++++ Data for processing

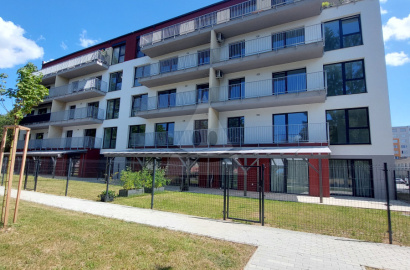 2 izbový byt/ novostavba, 52,35 m2 + 6,31 m2 terasa, RIVERSIDE PRIEVIDZA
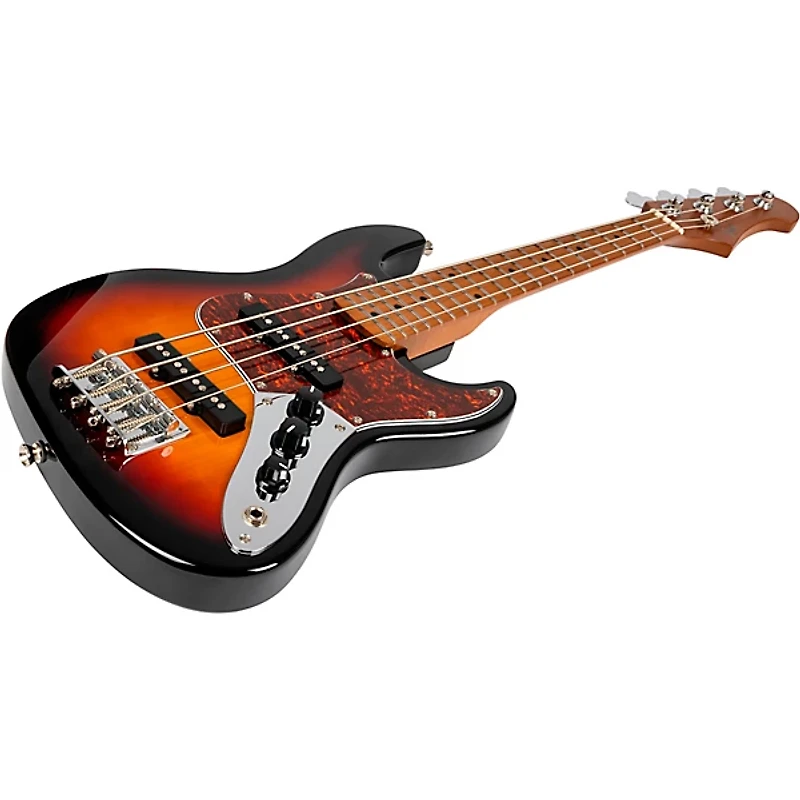 Flight Mini JB Bass SB Electric Bass Guitar Sunburst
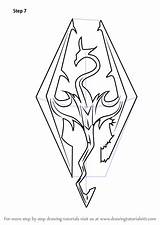 Skyrim Scrolls Drawingtutorials101 Bulat Dxf sketch template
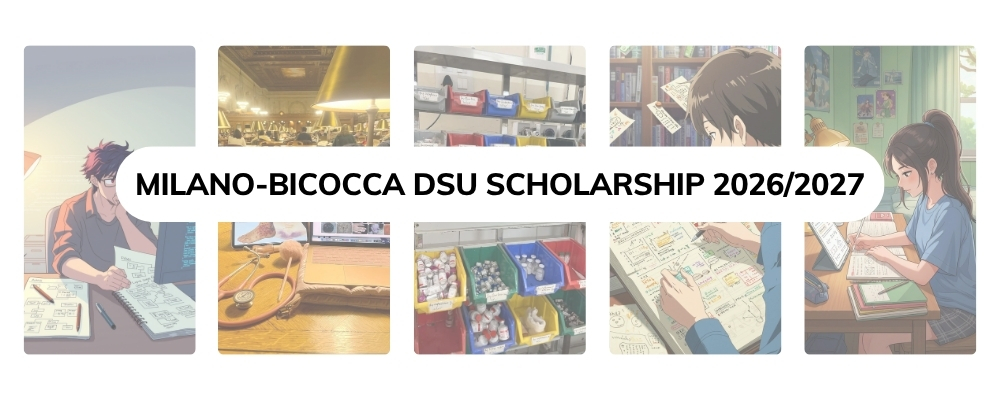 Milano-Bicocca DSU Scholarship 2026/2027 — Complete Guide for International Students | LOCOMOTIVE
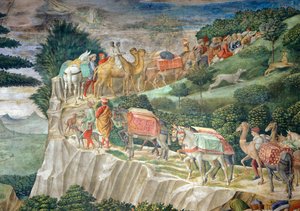 Der Zug der Heiligen Drei Könige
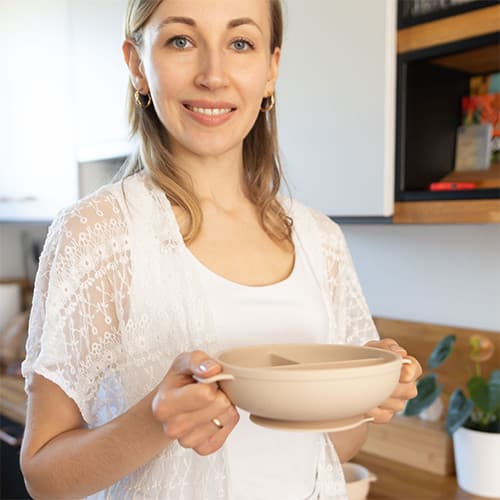 Тарелка для кормления BabyOno 1661/03 7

++++++++

-- Work to be completed --
The answer must consist solely of the lines from the one with "Milano-Bicocca DSU Scholarship" through the final line of the data, each reproduced exactly and with pictures omitted.

-- Result --
 Milano-Bicocca DSU Scholarship 2026/2027 — Complete Guide for International Students | LOCOMOTIVE
 Der Zug der Heiligen Drei Könige
 Тарелка для кормления BabyOno 1661/03 7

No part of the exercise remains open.